Australia’s wage growth finally looks to be picking up, posting the first upward surprise since Q4 2013. The strength was concentrated in public sector wages but some catch-up in private wages in Q1 this year is expected as well.
The wage price index (WPI) rose by 0.6 percent q/q and 2.1 percent y/y in Q4. This was a touch stronger than expectations, and the first positive surprise for the market since Q4 2013. The strength was driven by public sector wages, which grew 0.6 percent; while the private sector's WPI rose 0.5 percent in line with the previous three quarters.
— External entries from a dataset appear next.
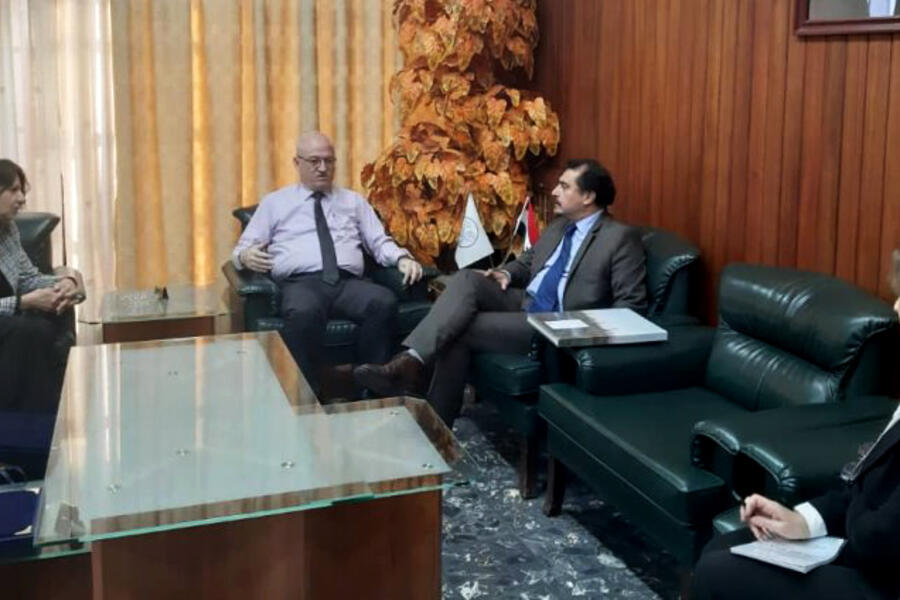 El Encargado de Negocios de Chile en Siria, Patricio Brickle, junto al Rector de la Univ. de Alepo | Foto: Embajada de Chile en Siria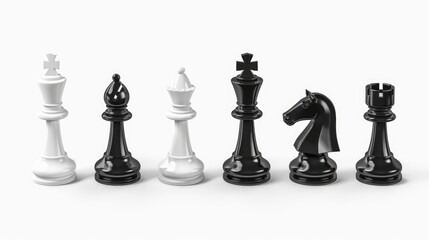 Black and white chess pieces on a board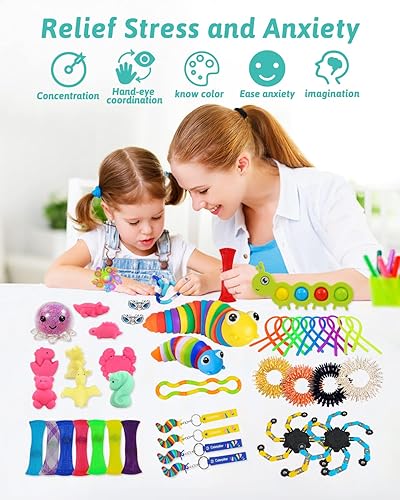 Miniatura 3 de Paquete de 52 juguetes sensoriales de Navidad para personas inquietas, TDAH, TDA, autismo, alivio del estrés y ansiedad, juguetes de mano, regalos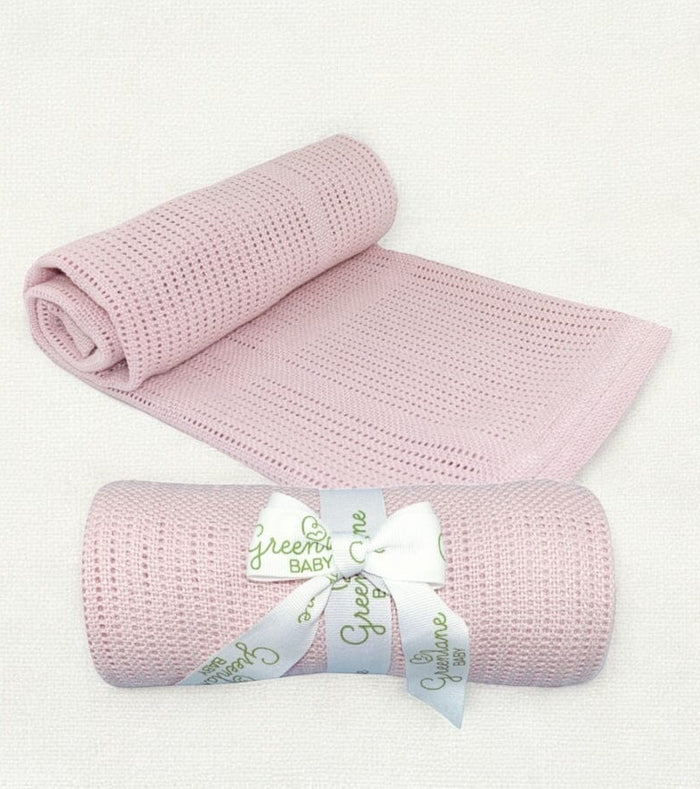 Pink Baby Bamboo Cotton Cellular Blanket - 90cm x 75cm (One blanket) Muslin Muslinz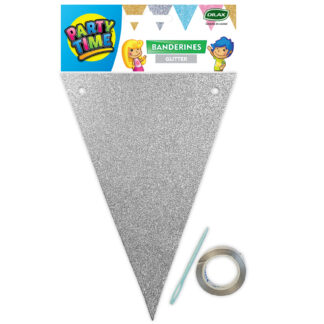Banderin party time triangular glitter plateado x1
The annual rate of growth in private wages remained unchanged at 1.9 percent.
However, the finalization of a number of delayed enterprise bargaining agreements late last year suggests some upside risks for both retail and overall private sector wages in Q1. More broadly, spare capacity in the labour market is gradually being eroded, job security has improved and businesses are reporting some pockets of difficulty in finding suitable labour.
"The RBA is likely to be comfortable with the data, although we expect that, like us, it would be hoping for some improvement in private wage growth in Q1," ANZ Research commented in its latest report.
Meanwhile, RBA Governor, Philip Lowe, in his semi-annual testimony to parliament on February 16 noted, "if we're going to deliver average inflation of 2-1/2 percent we should probably have average wage increases over long periods of time at 3-1/2 percent".